What parent hasn’t sighed in frustration at a mess in their kids’ rooms? Clothes, toys, shoes and gear can quickly get disorganized and spread around the room, creating clutter in a hurry. To tame the mess, try improving the storage in your child’s closet. It’s easier to instill the habit of putting everything in its place when you actually have a place designated to put things. And keeping closets kid-friendly helps children keep themselves organized with less help from mom and dad. From infants to teens, here are some ideas to help you organize your children’s closets and all the clothes, baseball caps, ballet shoes and stuffed toys in them.
Create kid-sized storage
The standard builder’s closet with one high rod for hanging clothes isn’t very helpful to kids. Consider adding a lower rod that your young child can reach across all or part of the closet. But think ahead as well: Either plan to move the rail when your child grows, or install one at a medium height that could handle shirts or skirts later on. The height your child needs at 6 won’t do when he is 16.
Better Homes and Gardens takes it a step further, suggesting you install a closet shelving system with repositionable shelves and rods so you can change things up when your child gets older.
To keep frequently-used items at kid height, add hooks or pegs to the back of the closet door or back wall of the closet itself. They’re perfect for holding PJs, hats, jackets, hoodies and backpacks. You can also try nailing clothespins to the wall or door to organize lightweight items, like tights.
Don’t get rid of the high closet rod
To make use of the high rod yourself, hang dressy clothes, or sizes they haven’t grown into yet. You can even make dividers to separate clothes into different size categories, so you can grab what fits when you need it.
You can also buy hanging shelves made from fabric that can hang on the high rod. They’re perfect for folded clothes, shoes, toys, board games or books.

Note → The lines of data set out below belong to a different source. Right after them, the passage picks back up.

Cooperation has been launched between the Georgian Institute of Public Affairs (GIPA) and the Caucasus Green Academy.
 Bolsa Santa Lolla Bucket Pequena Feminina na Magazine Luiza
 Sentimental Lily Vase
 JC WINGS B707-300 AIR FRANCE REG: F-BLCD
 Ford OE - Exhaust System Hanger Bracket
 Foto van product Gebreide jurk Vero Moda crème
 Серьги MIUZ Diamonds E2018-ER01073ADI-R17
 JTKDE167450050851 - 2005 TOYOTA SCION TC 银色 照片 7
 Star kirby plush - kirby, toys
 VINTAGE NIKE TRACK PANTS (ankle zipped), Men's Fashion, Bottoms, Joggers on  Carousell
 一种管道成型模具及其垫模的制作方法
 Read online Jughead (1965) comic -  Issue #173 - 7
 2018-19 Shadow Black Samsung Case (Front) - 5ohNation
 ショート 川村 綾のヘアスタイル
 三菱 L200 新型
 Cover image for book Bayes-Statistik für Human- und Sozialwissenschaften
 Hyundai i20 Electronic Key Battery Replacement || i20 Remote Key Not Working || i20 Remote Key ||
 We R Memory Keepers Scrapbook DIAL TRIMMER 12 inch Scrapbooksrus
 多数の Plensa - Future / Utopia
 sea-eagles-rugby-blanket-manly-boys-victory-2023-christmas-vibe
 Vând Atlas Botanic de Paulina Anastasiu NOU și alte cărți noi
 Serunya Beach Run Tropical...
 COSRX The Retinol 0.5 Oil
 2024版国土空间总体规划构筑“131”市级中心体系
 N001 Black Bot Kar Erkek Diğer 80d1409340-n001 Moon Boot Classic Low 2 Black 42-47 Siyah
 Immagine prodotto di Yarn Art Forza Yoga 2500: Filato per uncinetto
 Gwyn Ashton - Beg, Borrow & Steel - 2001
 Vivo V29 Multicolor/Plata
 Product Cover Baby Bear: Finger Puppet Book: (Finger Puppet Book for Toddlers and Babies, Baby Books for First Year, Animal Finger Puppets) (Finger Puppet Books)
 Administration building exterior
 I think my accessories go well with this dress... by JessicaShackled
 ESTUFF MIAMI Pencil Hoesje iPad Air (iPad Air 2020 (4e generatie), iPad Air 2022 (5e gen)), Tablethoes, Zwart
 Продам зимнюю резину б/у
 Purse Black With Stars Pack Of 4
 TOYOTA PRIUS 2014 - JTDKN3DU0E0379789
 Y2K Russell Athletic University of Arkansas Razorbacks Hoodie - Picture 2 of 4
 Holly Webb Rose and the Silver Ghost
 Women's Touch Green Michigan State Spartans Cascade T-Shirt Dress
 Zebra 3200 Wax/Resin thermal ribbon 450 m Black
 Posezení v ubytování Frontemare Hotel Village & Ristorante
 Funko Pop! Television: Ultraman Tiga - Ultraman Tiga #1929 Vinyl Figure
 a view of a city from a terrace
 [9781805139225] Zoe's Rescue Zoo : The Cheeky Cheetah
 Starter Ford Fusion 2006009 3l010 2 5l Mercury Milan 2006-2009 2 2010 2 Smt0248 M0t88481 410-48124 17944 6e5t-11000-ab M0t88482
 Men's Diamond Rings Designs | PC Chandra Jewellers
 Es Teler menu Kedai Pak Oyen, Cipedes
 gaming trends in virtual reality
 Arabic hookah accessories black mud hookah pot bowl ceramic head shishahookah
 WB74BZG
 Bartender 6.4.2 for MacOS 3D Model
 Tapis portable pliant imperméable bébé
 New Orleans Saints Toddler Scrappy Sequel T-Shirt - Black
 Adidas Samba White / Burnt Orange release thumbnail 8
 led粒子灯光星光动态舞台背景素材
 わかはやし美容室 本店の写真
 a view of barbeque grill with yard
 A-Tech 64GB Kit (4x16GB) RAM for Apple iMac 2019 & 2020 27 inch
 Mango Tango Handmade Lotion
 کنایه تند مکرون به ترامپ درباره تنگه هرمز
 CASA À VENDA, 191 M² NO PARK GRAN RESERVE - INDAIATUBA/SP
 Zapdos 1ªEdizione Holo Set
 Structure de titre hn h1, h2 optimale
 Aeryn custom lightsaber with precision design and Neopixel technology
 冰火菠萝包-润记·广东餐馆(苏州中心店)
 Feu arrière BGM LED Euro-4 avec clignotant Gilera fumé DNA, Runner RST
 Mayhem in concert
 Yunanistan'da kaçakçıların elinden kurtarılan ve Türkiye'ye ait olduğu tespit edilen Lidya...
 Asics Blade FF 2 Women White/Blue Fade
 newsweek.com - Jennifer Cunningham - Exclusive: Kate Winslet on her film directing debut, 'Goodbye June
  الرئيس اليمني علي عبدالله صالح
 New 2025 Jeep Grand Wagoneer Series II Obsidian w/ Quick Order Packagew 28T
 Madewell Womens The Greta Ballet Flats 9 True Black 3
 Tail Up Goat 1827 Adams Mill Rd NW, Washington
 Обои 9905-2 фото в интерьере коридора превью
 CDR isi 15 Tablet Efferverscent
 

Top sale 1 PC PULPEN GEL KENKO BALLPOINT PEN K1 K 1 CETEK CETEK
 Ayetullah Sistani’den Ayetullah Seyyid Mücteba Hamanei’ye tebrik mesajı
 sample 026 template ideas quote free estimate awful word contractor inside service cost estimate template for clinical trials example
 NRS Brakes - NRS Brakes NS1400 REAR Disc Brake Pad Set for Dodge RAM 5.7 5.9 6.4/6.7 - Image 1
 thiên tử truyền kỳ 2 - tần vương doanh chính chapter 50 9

Make use of space above and below
Use that shelf at the top of the closet for storing things you don’t often need . The dollar store is a great place to find bins of all sizes and shapes, perfect for storing out-of-season or outgrown clothes. Try to choose see-through bins or label them with their contents.
Consider putting a shelving unit or small dresser in the lower part of your child’s closet. Open shelves are great for storing folded clothes, shoes, toys or books, and can be organized with smaller bins—perfect for socks, underwear, smaller toys and shoes—or bigger bins, for things like sports gear. Bonus: Your kids may find it easier to put things away on open shelves, since they can see where things go at a glance.
Be sure to add a laundry hamper to the closet too. Even toddlers can take their dirty laundry to the bin, to start the habit early. Martha Stewart suggests putting a laundry bag on the back of the closet door for older kids: It’s more fun to slam-dunk dirty socks into the laundry.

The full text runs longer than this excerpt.